Je vais suivre de près les indicateurs précurseurs aux États-Unis. Cet été, le sentiment était très morose à cause de l'impasse politique entourant le relèvement du plafond de la dette, de la décote par Standard & Poors et des statistiques économiques.

Mais depuis quelques mois, on remarque que l'économie américaine est très résiliente. On crée des emplois, même si ce n'est pas autant qu'on voudrait. Et la Réserve fédérale a annoncé que les taux resteraient bas jusqu'en 2013.

Les prévisions économiques ont été révisées à la hausse pour la deuxième moitié de l'année. Finalement, on se rend compte que la récession n'est pas pour tout de suite aux États-Unis. Présentement, les indicateurs précurseurs sont à un point tournant. On pourrait entrer dans une nouvelle phase du cycle économique, ce qui est très encourageant pour la Bourse.

Que feriez-vous avec 10 000$ à investir?

J'opterais pour un fonds d'actions américaines offrant de bons dividendes. Certaines actions offrent un rendement qui est plus attrayant que les obligations dont les taux sont très déprimés. Les États-Unis restent un marché plus défensif. Si jamais la crise s'accentue en Europe, il y aura un mouvement vers les valeurs refuges, ce qui pourrait faire grimper le dollar américain.

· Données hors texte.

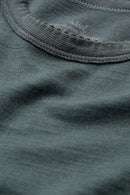 Hust & Claire Langarmshirt HCAbba Wolle/Bambus - Balsam Green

Si les gens veulent se protéger encore plus, l'or est une bonne façon de le faire, même si c'est très onéreux à 1700$US l'once.

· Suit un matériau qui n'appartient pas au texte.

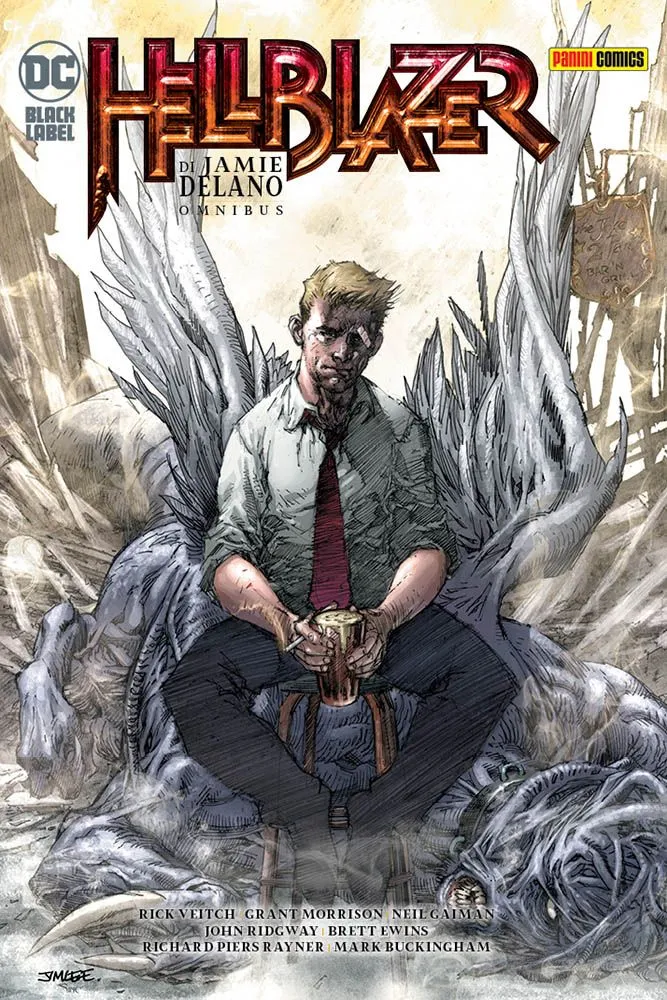 Hellblazer di Jamie Delano DC Omnibus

Pour diversifier davantage, j'irais vers un fonds d'obligations de sociétés, et peut-être même vers un fonds d'obligations à rendement élevé qui offre un rendement à maturité de 8%. Nous voyons aussi d'un très bon oeil les obligations des pays émergents.

Quel placement évitez-vous à tout prix?

Je me tiendrais loin des obligations gouvernementales européennes. Je ne pense pas que l'Italie en vienne à faire défaut, mais il y a une possibilité que cela se produise. Il faut éviter ces placements-là. Les gens qui ont essayé de profiter des taux élevés en Grèce, en croyant qu'il y aurait une résolution, ont perdu beaucoup : ça s'est terminé avec un défaut de 50%.

Qu'est-ce que les marchés sous-estiment le plus présentement?

Je pense que les investisseurs sous-estiment le potentiel de rebond de la Chine. Afin d'éviter une poussée inflationniste, le gouvernement chinois a pris des mesures pour ralentir la croissance. Dès que l'inflation montrera des signes de fléchissement convaincants, la Banque centrale et le gouvernement vont être là pour s'assurer que la locomotive chinoise continue d'avancer. À ce moment, le rebond potentiel de la Bourse chinoise pourrait bien s'avérer, à l'instar de la fin de 2008, un précieux indicateur avancé.

Après avoir été stratège économique chez Desjardins pendant 10 ans, Martin Lefebvre s'est joint à Natcan en 2010 où il est vice-président, Répartition de l'actif. Gestion de portefeuille Natcan est une filiale de la Banque Nationale qui compte près de 25 milliards d'actifs sous gestion.